In the Balakian memoir I am reading, (see below), the grandmother tells stories in allegory, and she recites and interprets dreams.
I haven't been recalling nighttime brain wanderings of late. But in a dream last night, I was missing my grandmother who I never knew. In the black-and-white world she inhabits, she looks very proud and unmovable, with a somber, wise smile and a 1920s wave in her dark hair. It's her sweet bread recipe we repeat every Christmas, every Easter.
Recently I said that I can see her, but I wish I could hear her.
And then, in my dream, she sent me a text.
She simply wrote: "I'm here."


Tuesday, January 8, 2013

Balakian Book: Baking Choereg & Fate

In a nod to Armenian Christmas on Sunday, the fates left on my office desk today a book apparently delivered in August - !!! - that was lost in the bowels of our mail room.
It was Peter Balakian's historical memoir that I ordered long ago: "Black Dog of Fate." It starts with a timely description of making a bread called "choereg."

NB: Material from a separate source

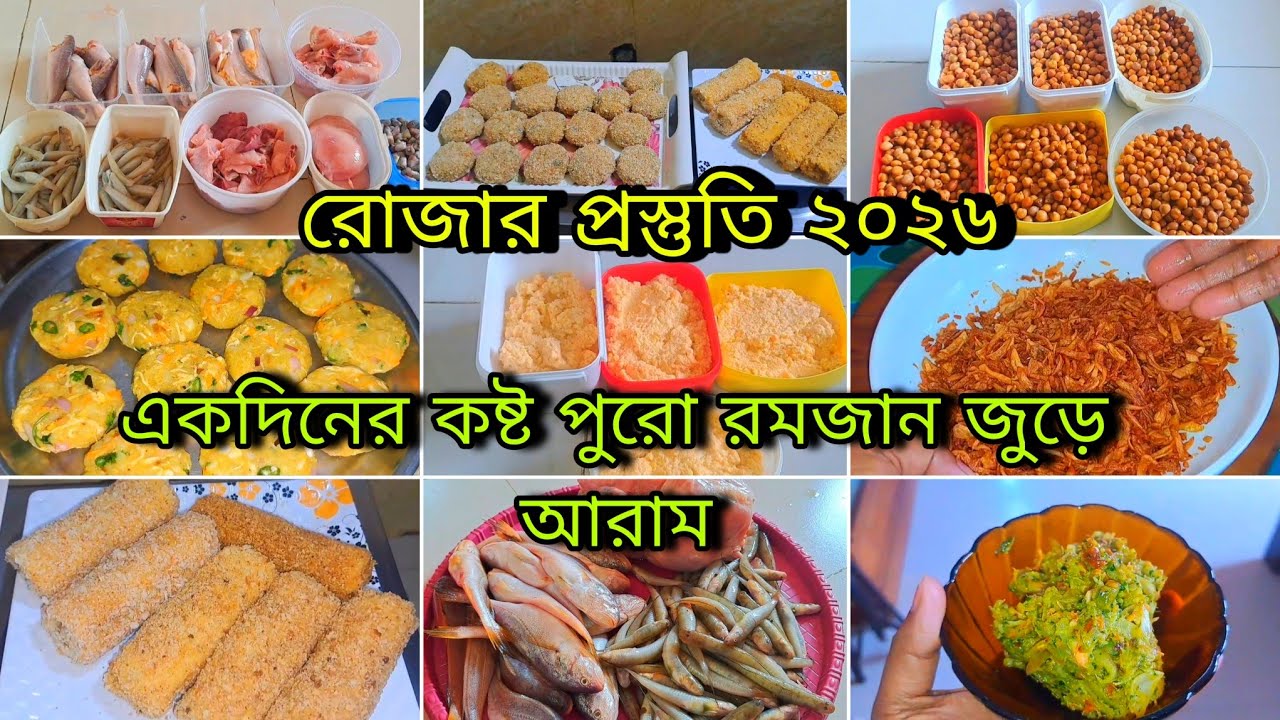 🌙রোজার পূর্ব-প্রস্তুতি ২০২৬ ||রোজার আগেই গুছিয়ে রাখুন ঘরের সব কাজ | একদিনের কষ্ট পুরো রমজানের আরাম।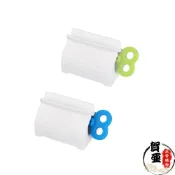 擠牙膏器【賀亞批發】牙膏擠壓器 牙膏器 擠牙膏神器 旋轉擠壓器 牙膏夾 護手霜擠壓器 擠壓器 軟管擠壓器 手轉擠壓器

I am amazed that my mom, when I said the word choereg, which I don't recognize and can't quite pronounce, conjured up some Greek: "Of course. Tsourek-i. Our recipe for holiday sweet bread."
Balakian writes of spending an afternoon with his Armenian grandmother, who was born near Turkey but lived in New Jersey. They prepared bread, which helped her tell deeply buried, moving stories:
"To make choereg, we mixed milk and melted butter into a ceramic bowl. I poured [yeast] into a glass measuring cup and watched it fizz. Eggs, sugar, salt, rising agent, and my grandmother poured in the mahleb."

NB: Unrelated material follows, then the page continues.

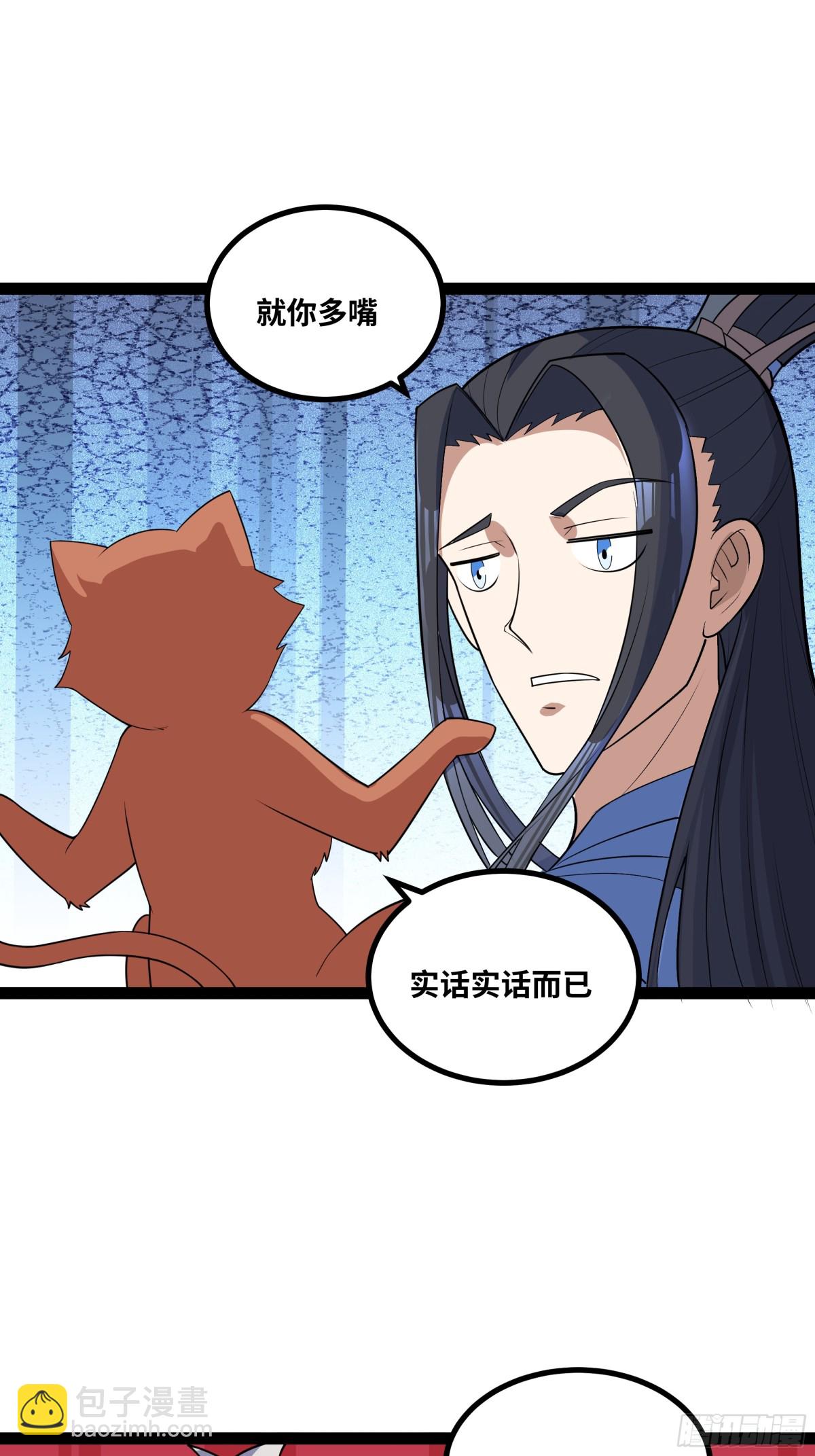 第51话 师尊过往-第52话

Mahleb, or mahlepi, is a spice that looks like a small nut, but is the essence of a cherry pit, his grandmother explained. Then she quoted the Song of Solomon on spices and praised the merits of memorizing the Bible and prose.

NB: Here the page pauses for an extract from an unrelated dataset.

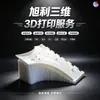 Serviços de impressão 3D de grau industrial, modelagem 3D com resina fotossensível ABS, produção personalizada de artesanatos e modelos de protótipo em grande quantidade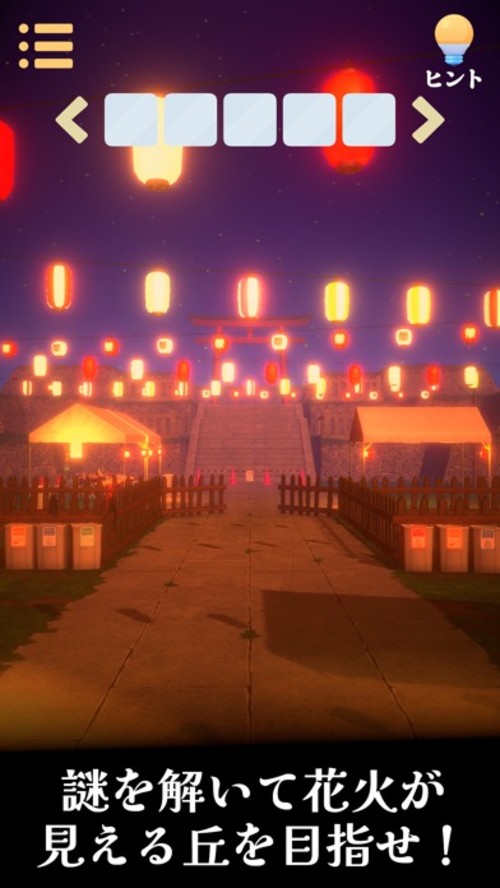 脱出ゲーム 夏祭りと打ち上げ花火のスクリーンショット_5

"She sifted flour and we mixed it all with a large wooden spoon until it was dough. Then she scooped the dough out and put it on the flour-glazed bread board. We squeezed and pressed it with our hands. I liked how the wet dough stuck between my fingers. I liked how she took it to another bowl and turned it all over its oiled surface, then covered the bowl with a towel and put it in the unlit oven. It was warm there and free from drafts, and when we opened the oven two hours later, the dough was an airy saffron-colored mound. I loved punching the dough down so that it's porous insides collapsed. We pulled it into pieces and made ropes, braids, and rings."
You can see ours, a vasilopita, but always with mahlepi and sesame.
Perhaps it was again fate, but tonight I also received the latest Columbia Journalism Review offering this feature: "Where Truth Is a Hard Cell: Although Seen as Modern & West Leaning, Turkey leads the World in Jailing Journalists," by Stephen Franklin, a former Chicago Tribune Middle East correspondent.
"The most dangerous problem is self censorship," according to one veteran Turkish editor who's quoted. "You don't even ask questions. And that kills journalism."
A recipe for disaster, not bread, in that case.